I think it was pretty good and some of the ideas stuck with me for a few weeks. But the small-scale and melancholy slowness is why I was trying to damp down expectations a little. Someone somewhere (Ebert?) referred to it as "the least distinguished TV panel ever."
The key question isn't really whether protests occurred, but whether anything has changed since in the countryside.
I thought the title can also be read to mean that time has stood still. They are still at that moment waiting for change
Whenever I watch any Eastern European or Russian films, I'm always struck by the amount of drinking and number of alcoholics.
The Death of Mr.
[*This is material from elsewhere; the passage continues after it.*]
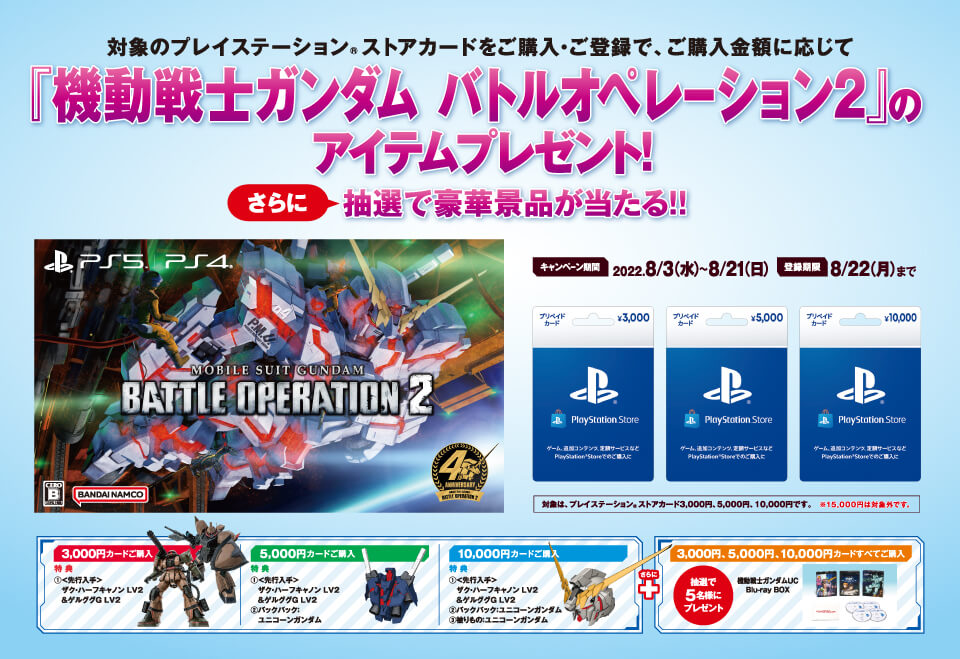 PSストアカード購入で『ガンダム バトオペ2』のアイテムが先行入手できるキャンペーン（8月21日まで）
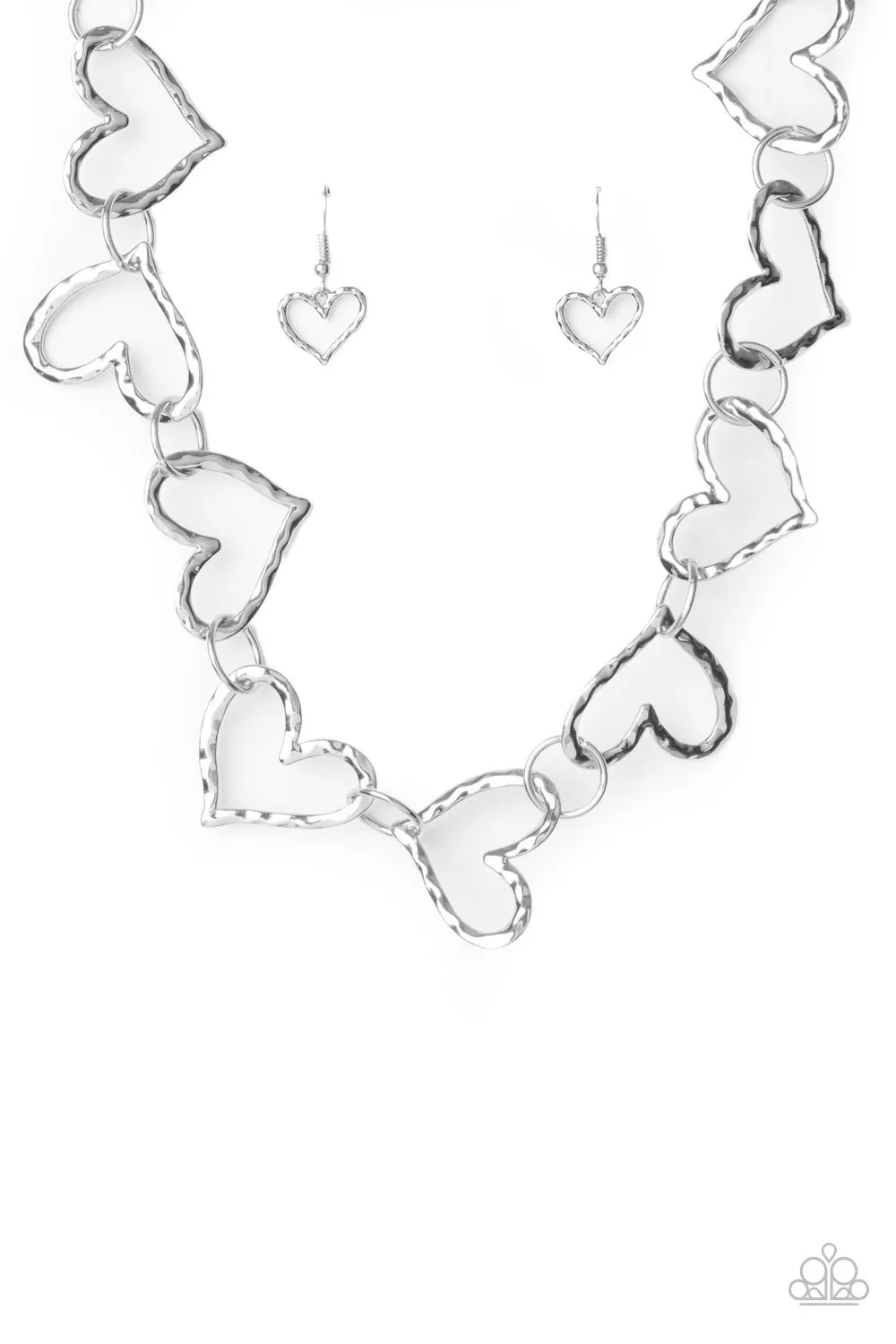 "Vintagely Valentine" Silver Textured Heart Choker Necklace Set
Lazarescu seems to have kicked off the recent wave of attention for Romanian films. That film was slow, and I didn't care for it much at all, but it got a good deal of praise.
Try The Paper Will be Blue.
gromit --
I don't know if your question was rhetorical or related to present day Romania. When I visited Romania last August, the country had changed tremendously from the Communist days. Bucharest is packed with SUV's and expensive cars. The charming town of Sibiu has a summer-long _free_ cultural festival featuring top musicians. Money from the EU and tourism seems to have poured into the country. Romanians are opening restaurants and B & B's. Sports stars have done well and are making investments in resort/real estate complexes. Even agro-tourism has taken off, especially with French visitors who enjoy working in the fields. You can still see plenty of horse-drawn carts in the countryside (and almost imagine that it's the 19th C.), but I suspect all that will be changing soon.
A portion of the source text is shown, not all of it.